Thursday, 30 January 2014

Broken @ The Lowry, 28.01.14

We live our lives surrounded by gadgets and gizmos, engaging with the world through a laptop or a lens. We cocoon ourselves in synthetic fabrics and concrete houses, kept separate from nature while eating our processed dinners. But although we live in this mechanised and man-made world our bodies and spirit are anything but: we are alive, organic and part of an endless flowing continuum of life. It is this idea that Motionhouse's Broken at the Lowry explored so successfully as the dancers documented the struggles, trials and triumphs of modern humans and the Earth we are born from.


Motionhouse have become known for their highly physical shows that mix multiple mediums and Broken was no different; this was not a dance performance accompanied by film and music but a blend of all three, each element inseparable from the others.

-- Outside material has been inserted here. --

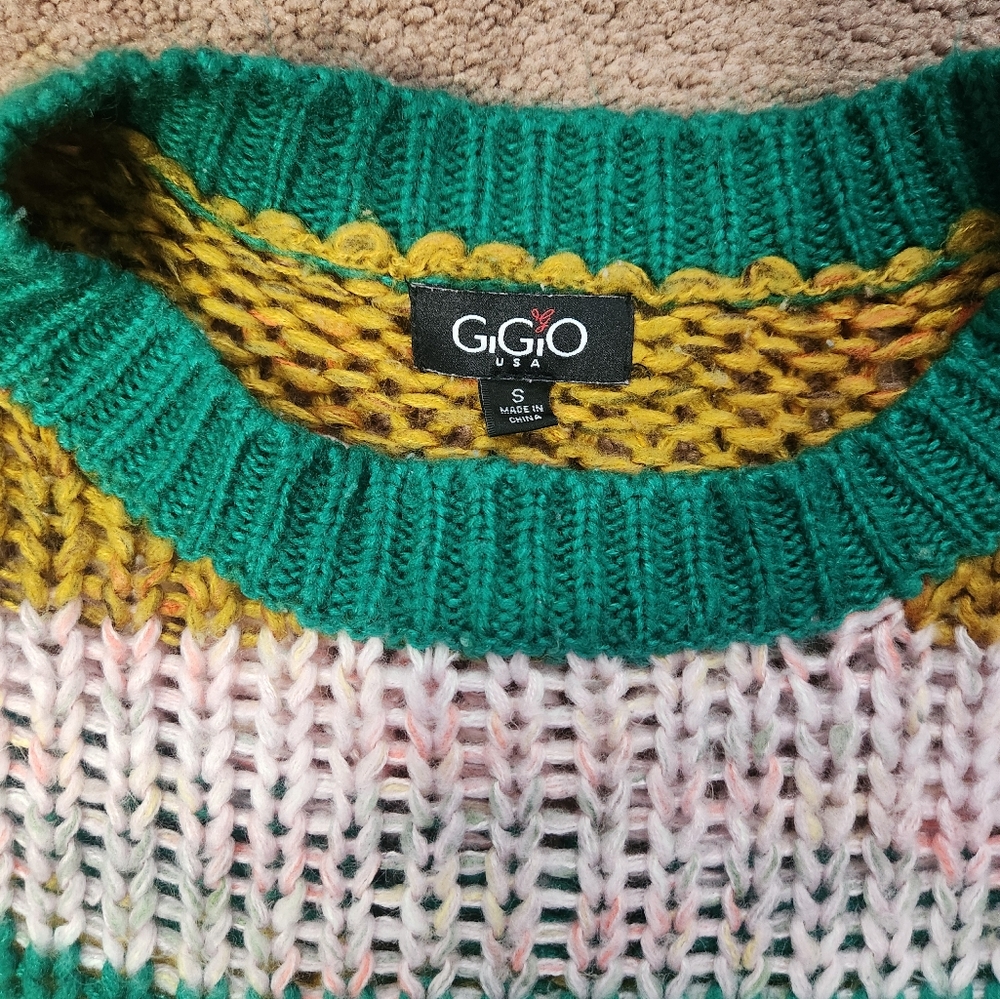 GiGiO Women's Colorful Turtleneck Sweater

When dancers would reach for branches in the sky, unseen hands would send forth poles perfectly timed to greet their grasp. When the performers dived through the permeable film screen a cinematic splash would ripple outward in sympathy. The energy, expression and timing of the dancers was exemplary, leaving one to wonder at how they managed to sustain such levels for over an hour.

Broken does not follow a narrative structure, but rather paints abstract images through which the overall theme becomes apparent. The central motif is that of the earth and our relationship with it, be that as giver of life, as a source of mineral wealth or as bringer of destruction. The dancers flowed together, their bodies forming rigid rocks and disparate clouds with equal ease. Arms jutted out like mineral seams, fingers and hands reached upwards to become branches blooming forth from the soil, while ethereal beings edged onto the stage, like the ghosts of mother earth herself. As the piece ended in the present day our precarious place was illustrated by the power of an earthquake that shook all that had been made down into dust.


I normally find it quite easy to be concise in a review, but with Broken there is so much to say that it is a struggle. Of course that is the point of dance - it says complex, intricate and beautiful things in a way that words simply cannot. Praise must go to artistic director Kevin Finnan for assembling and directing such a strong team and harnessing their talents into this unified piece. Broken is a magnificent synthesis of many disciplines, accessible for those unfamiliar with dance and, above all, a moving and fun experience.